Pozwalam sobie przedstawić zapis radiowego wywiadu, jakiego udzieliłem red. Katarzynie Gójskiej dla Polskiego Radia Program 3 (PR3) . Oto ta rozmowa:

Katarzyna Gójska: Gościem Sygnałów Dnia jest Ryszard Czarnecki, eurodeputowany Prawa i Sprawiedliwości. Witam bardzo serdecznie, panie pośle.

Ryszard Czarnecki: Witam panią, witam państwa, ukłony z Brukseli.


Panie pośle, to sprawa już znana od dwóch dni, ale mimo wszystko budzi ogromne emocje w Polsce. Fundacja Wydawnictwa Bertelsmann opublikowała swój raport, w którym bada poziom demokracji w różnych krajach, Polska została bardzo źle oceniona w tym raporcie, spadła o 29 miejsc w dół. Podobno mamy bardzo brutalną policję. Co pan na to?

- To Alpy (nie Himalaje, tylko Alpy, bo to góry po części są też w tym obszarze językowym) bezczelności, arogancji i chamstwa. Mówię tutaj twardo, ponieważ akurat Niemcy nie powinny nas pouczać : kraj, który stosuje cenzurę, który potrafił przemilczeć przez kilka dni gwałty, przemoc na niemieckich kobietach w Kolonii, w tę słynną noc sylwestrową, kraj, który przyjął właśnie na początku tego roku ustawodawstwo, które de facto wprowadza cenzurę w Internecie i niesłychanie ostre kary odnośnie właśnie do wolności w mediach... A gdy chodzi o niemiecką policję, to ta polska, można powiedzieć, to Wersal. Tutaj demonstranci tak nie ucierpieli, jak w czasie różnych demonstracji –  czy skrajnie prawicowych czy też skrajnie lewicowych, których jest w RFN  multum. Pamiętamy płonący Hamburg w czasie szczytu G20 i wizyty pana prezydenta USA w tym hanzeatyckim mieście i pamiętamy, że policja wtedy, pewnie mają uzasadnienie ku temu, nie patyczkowała się, a była rzeczywiście bardzo zdecydowana od pewnego momentu. Zatem myślę, że tutaj akurat trawestując Chiraca, Niemcy nie skorzystali z tego, żeby siedzieć cicho, bo ta wypowiedź musi przypomnieć korzenie...

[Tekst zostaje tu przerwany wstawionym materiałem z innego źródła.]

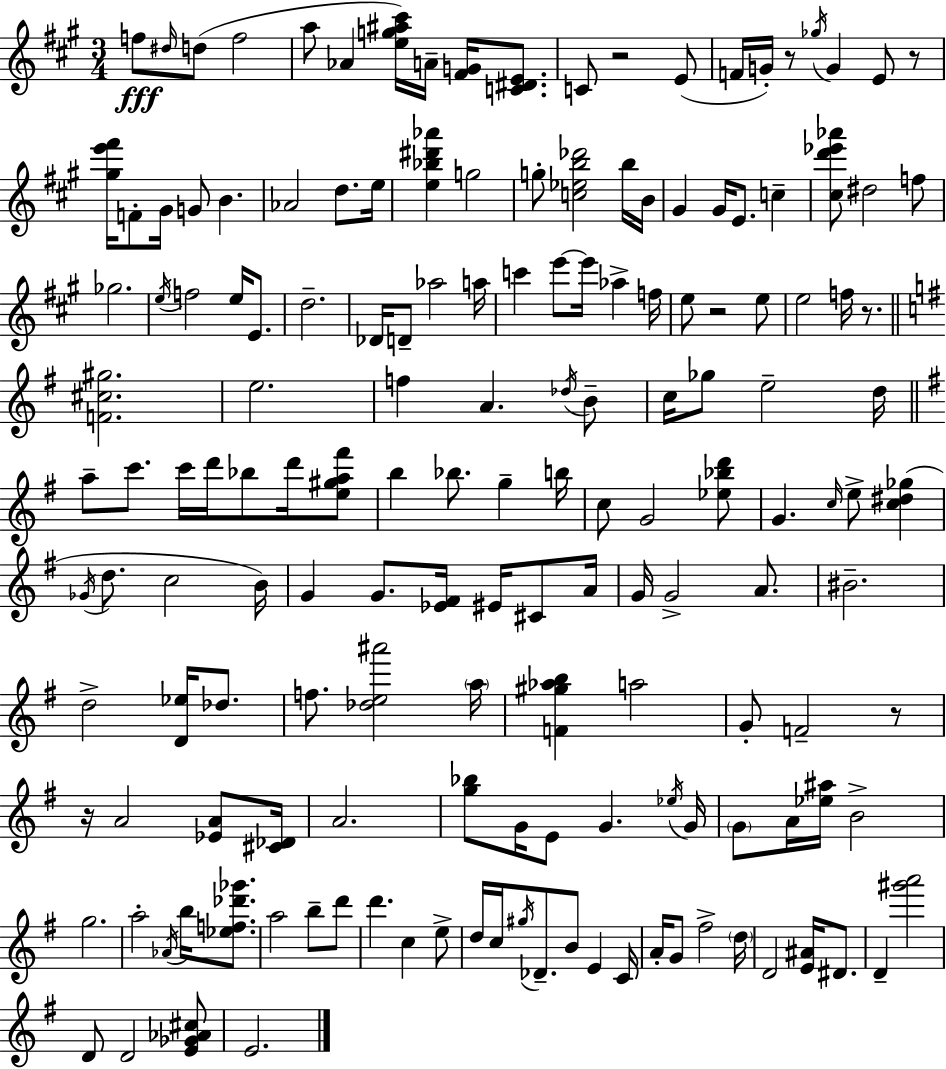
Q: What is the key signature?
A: A major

Właśnie, o te korzenie tej instytucji chciałam pana zapytać i korzenie samej fundacji, która jest większościowym udziałowcem potężnego wydawnictwa, i samego wydawnictwa, rodziny, która tak naprawdę doprowadziła do tego ogromnego sukcesu i później, po wojnie również to wydawnictwo odniosło gigantyczny sukces dzięki tej samej rodzinie, a jej korzenie są, jeżeli chodzi o sympatie polityczne, zresztą bardzo mocno wyrażane, no to są zupełnie jasne – NSDAP.

- No tak, to śmierdzi III Rzeszą na odległość -„set” kilometrów i zamiast mieć takie mocne poczucie „deutsche Schuld”, niemieckiej winy, niemieckiego długu, to tutaj wręcz przeciwnie – im bardziej wielkie winy w przeszłości, tym większa arogancja i bezczelność dzisiaj...

No dobrze, ale to ja w takim razie wejdę od razu Panu w słowo z pytaniem: a dlaczego tak jest? Dlaczego tak jest, że instytucje, które naprawdę były zakładane i rozwinęły skrzydła, tak to nazwijmy, i z tego korzystają do dzisiaj, bo tak jest w przypadku Fundacji Bertelsmanna i tak jest w przypadku Wydawnictwa Bertelsmann, w czasach, kiedy dochodziło do dramatycznych zbrodni, kiedy w ogóle nie tylko demokracja, ale w ogóle wszelkie prawa człowieka były wbijane w ziemię, dzisiaj mogą funkcjonować jako swego rodzaju sędziowie wolności, praworządności. Nikt z tym nie ma problemu.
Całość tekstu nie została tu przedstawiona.